It is not consistent each attempt as far as which hosts fail. On one 
attempt a server will fail, on the next attempt the same server will not 
fail and if I attempt to gather facts manually after it failed, it is able 
to gather facts successfully each time. 

But here is a host that failed on the last attempt:

/usr/bin/ansible server74.prod.domain -m ping -vvvv -c ssh
<server74.prod.domain> ESTABLISH CONNECTION FOR USER: bmorriso
<server74.prod.domain> REMOTE_MODULE ping
<server74.prod.domain> EXEC ['ssh', '-C', '-vvv', '-o', 
'ControlMaster=auto', '-o', 'ControlPersist=5m', '-o', 
'ControlPath=/home/bmorriso/.ansible/cp/ansible-ssh-%h-%p-%r', '-o', 
'StrictHostKeyChecking=no', '-o', 'Port=3422', '-o', 
'KbdInteractiveAuthentication=no', '-o', 
'PreferredAuthentications=gssapi-with-mic,gssapi-keyex,hostbased,publickey', 
'-o', 'PasswordAuthentication=no', '-o', 'ConnectTimeout=10', 
'server74.prod.domain', u"/bin/sh -c 'LANG=C LC_CTYPE=C /usr/bin/python'"]
server74.prod.domain | success >> {
    "changed": false, 
    "ping": "pong"
}


--forks was set to 50 and I saw ~35 hosts fail
--forks set to 25, only 5 failed and it ran in 47s
--forks set to 15, none failed and it ran in 53s
--forks set to 20, none failed and it ran in 45s

The above are all with host checking off. 

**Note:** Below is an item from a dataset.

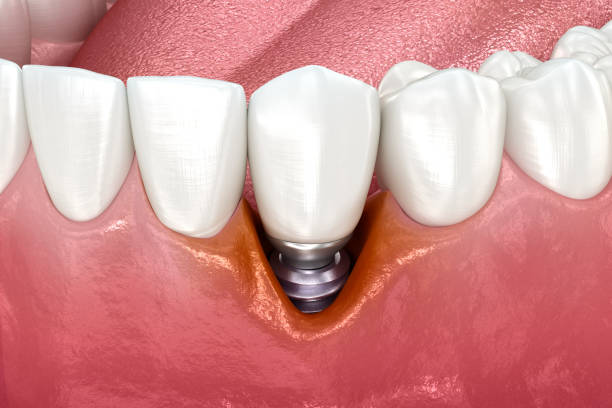 歯のインプラントが抜歯された箇所に入っている様子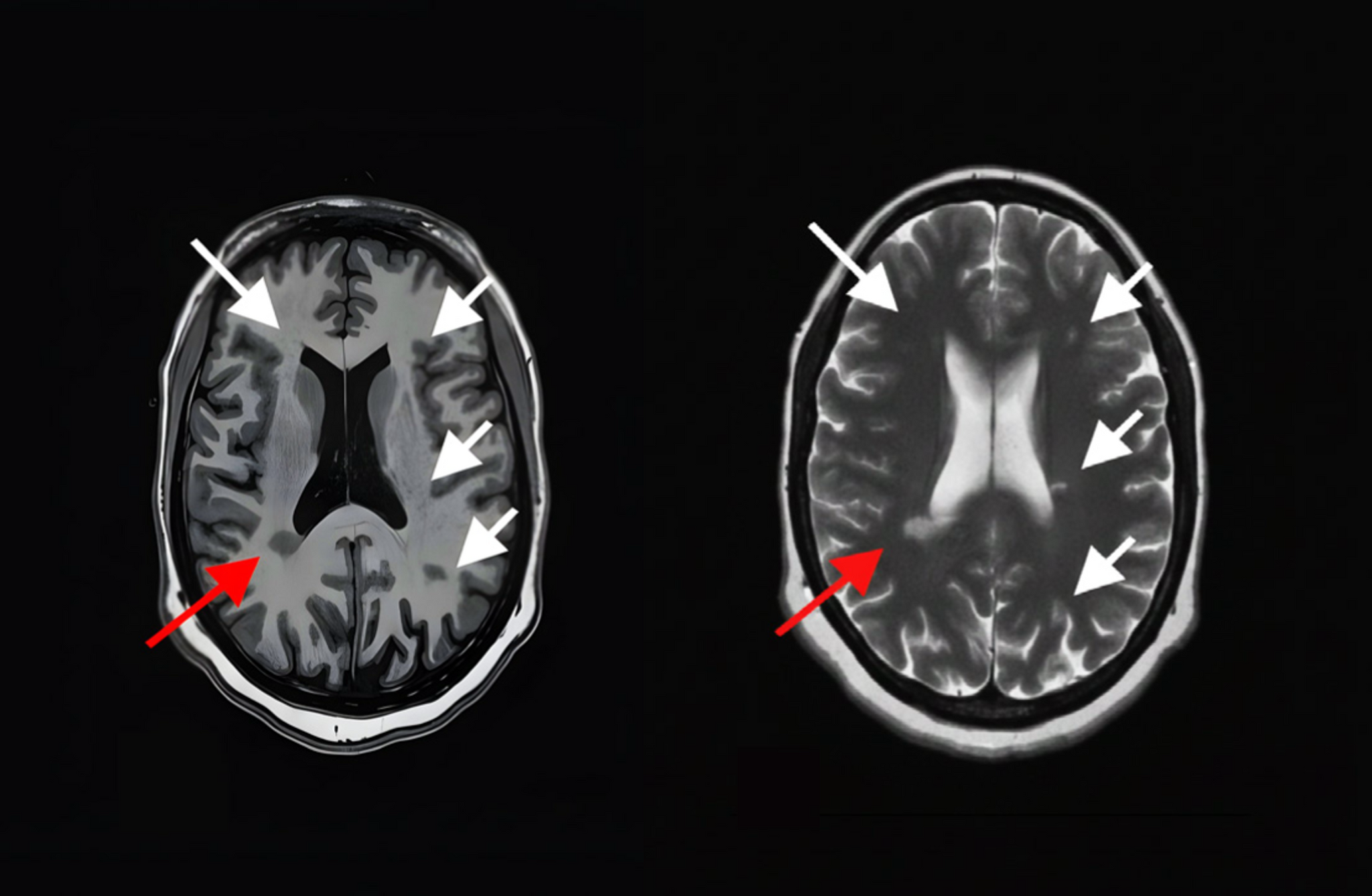 Advanced Multiparametric MRI for decoding smoldering Multiple Sclerosis ...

Here is another "twist". With --forks passed, if the fact gathering doesn't 
fail, a task will, and like fact gathering before, it's never the same task 
that fails. 

Task fails with: "ssh connection closed waiting for sudo or su password 
prompt"


With host checking on

--forks 25 = 10m
--forks 50 = 10m

FWIW, If I set forks: 50 in /etc/ansible/ansible.cfg -- it still acts as if 
it is set to 5, only when I pass --forks 50 in the command does it actually 
seem to run at 50. 

Also, no "old" version of Ansible

which ansible
/usr/bin/ansible

/usr/bin/ansible --version
ansible 1.7.1

Hope this helps, but fear it may add to the confusion. 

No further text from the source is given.